Recorded data:
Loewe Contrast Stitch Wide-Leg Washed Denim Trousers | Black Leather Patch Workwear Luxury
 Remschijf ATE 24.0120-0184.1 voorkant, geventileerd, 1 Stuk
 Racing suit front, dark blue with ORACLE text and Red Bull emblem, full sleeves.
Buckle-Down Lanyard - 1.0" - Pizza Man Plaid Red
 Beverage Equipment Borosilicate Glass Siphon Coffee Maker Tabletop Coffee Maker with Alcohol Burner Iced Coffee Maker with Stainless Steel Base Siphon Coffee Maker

...

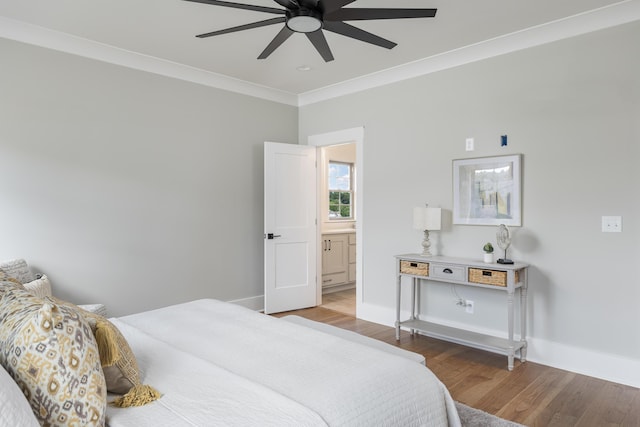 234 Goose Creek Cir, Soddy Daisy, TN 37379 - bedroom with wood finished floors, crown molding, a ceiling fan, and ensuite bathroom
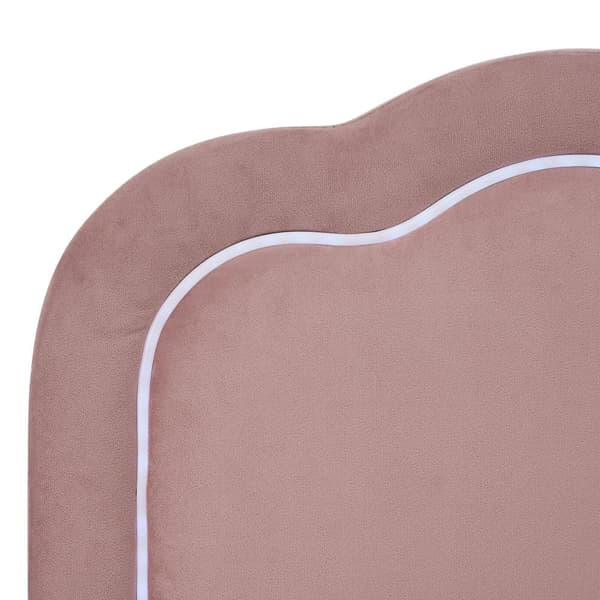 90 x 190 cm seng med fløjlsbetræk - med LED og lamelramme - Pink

* * *

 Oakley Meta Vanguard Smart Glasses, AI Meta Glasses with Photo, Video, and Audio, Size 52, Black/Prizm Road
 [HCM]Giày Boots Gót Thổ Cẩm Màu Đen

Task requirements:
The range runs from the line above containing "Remschijf ATE 24.0120-0184.1" to the line containing "Beverage Equipment Borosilicate", inclusive. Restate those lines word for word and no others.

Exercise response:
 Remschijf ATE 24.0120-0184.1 voorkant, geventileerd, 1 Stuk
 Racing suit front, dark blue with ORACLE text and Red Bull emblem, full sleeves.
Buckle-Down Lanyard - 1.0" - Pizza Man Plaid Red
 Beverage Equipment Borosilicate Glass Siphon Coffee Maker Tabletop Coffee Maker with Alcohol Burner Iced Coffee Maker with Stainless Steel Base Siphon Coffee Maker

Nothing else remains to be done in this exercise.